We were commissioned on this project after the pre-wire and sheet rock was in place. The builder had guided another company in regards to the pre-wire, but we were hired to design the system and, mor 2/04/2008 7:00 AM Eastern

Maximizing Pre-Wire Capabilities in Small Home Theater

Feb 4, 2008 12:00 PM




The following information is courtesy of the 2007 CEDIA Electronic Lifestyles Designers' Choice Awards. For more information on how to become a member of CEDIA, or information on its awards program please visit www.cedia.org or call (800) 669-5329.

2007 CEDIA Electronic Lifestyles Awards Entry:
Best Small Home Theater

We were commissioned on this project after the pre-wire and sheet rock was in place. The builder had guided another company in regards to the pre-wire, but we were hired to design the system and, more importantly, create the theater. The client was looking for as much of a dedicated theater feel they could get in a multi-purpose room setting. We were hired to design the seating, finishes, electronics, and accessories—and maximize the capabilities of the pre-wire. Furthermore, performance and ease of use were important, but ultimately the look of the room was most important.

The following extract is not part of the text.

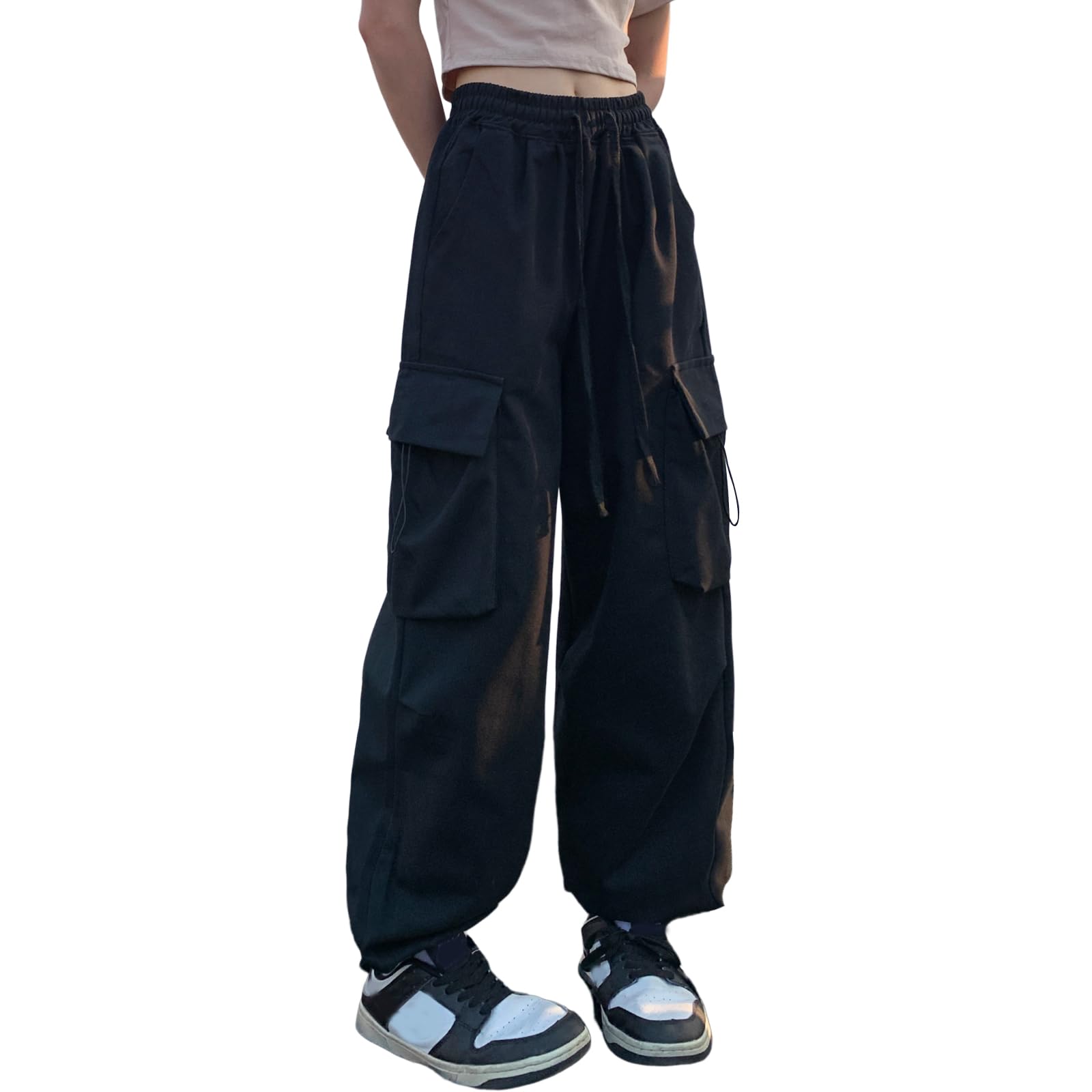 Linsennia Weite Cargohose Damen Sommer Entspannte Passform Y2k Parachute Pants High Waist Freizeithose Teenager Mädchen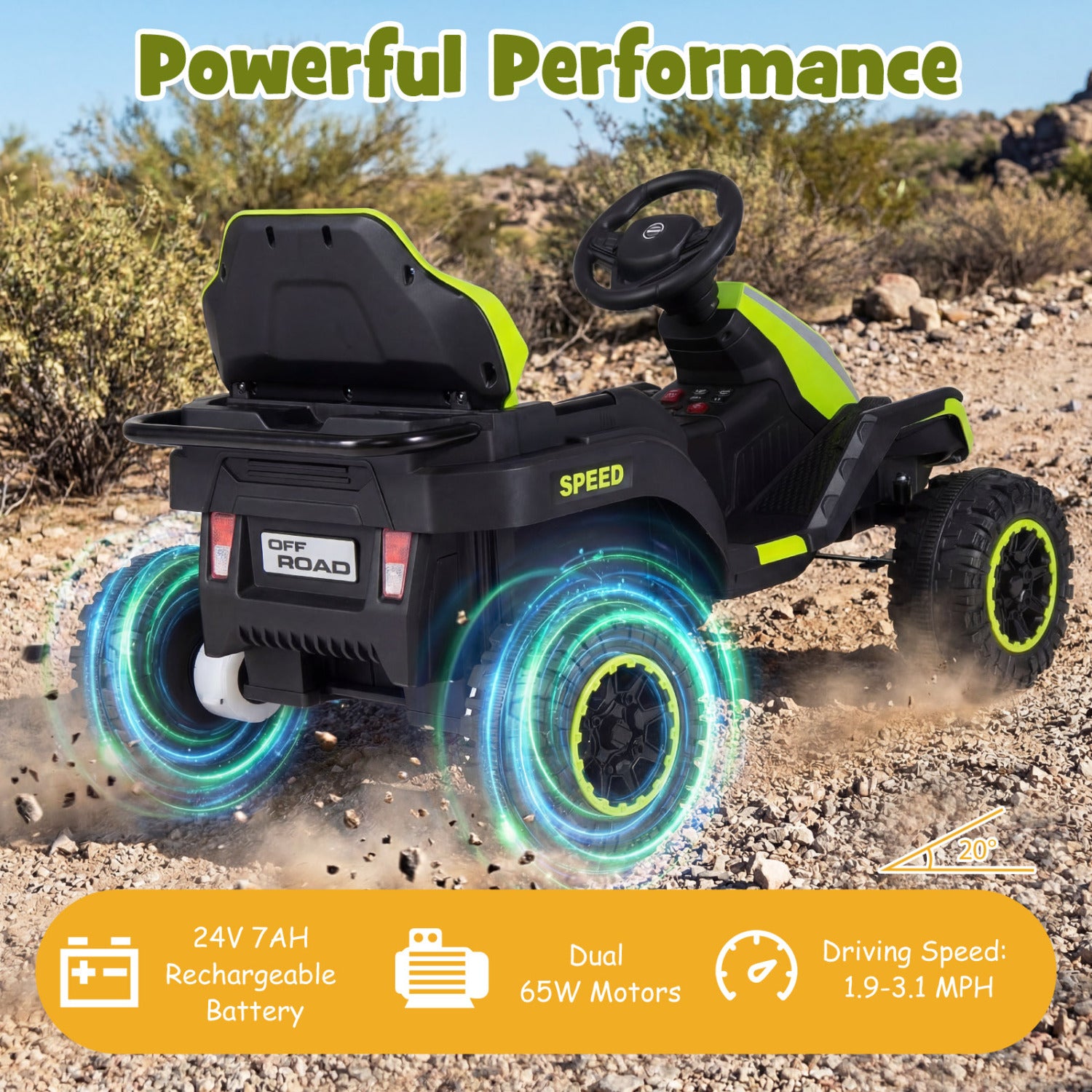 Toy off-road vehicle with glowing wheels on a desert background, featuring text about powerful performance and specifications.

The largest challenge was that there had been no guidance until we stepped in very late. The client had a basic idea of what they wanted, but no idea what the home had been wired for. One challenging aspect was the desire to create rows of seating in the middle of the room. To accomplish this, we started with a rear curved couch row from Lee Industries. In front of them we used two Upstage custom ottomans and completed the effect with a front row of recliner seating from Fortress Theater Seating, modified with lower seats and backs. All seating was covered in the same fabric. Also, they left little space for electronics in a small cabinet to the side of the screen. We ultimately had a larger cabinet built on top of the unit to expand the equipment storage capability. We were also able to use the single structured wire 2+2 bundled cable to expand the basic distributed audio system to a six-zone, six-source audio/video (four with video) distribution with two cable box DVRs and four tuners, and an Escient music server.

Loudspeakers were all placed in the ceiling. They retract for music listening and descend for TV and DVDs. The walls were Venetian plaster and off limits, so we used heavy roman shades on the walls and windows and covered the entrance with a working drapery that covers the entrance and helps acoustically. The subwoofer was hidden beneath the seating on the right side of the theater. After we expanded the system we needed to install a small cabinet ventilation system to cool the components.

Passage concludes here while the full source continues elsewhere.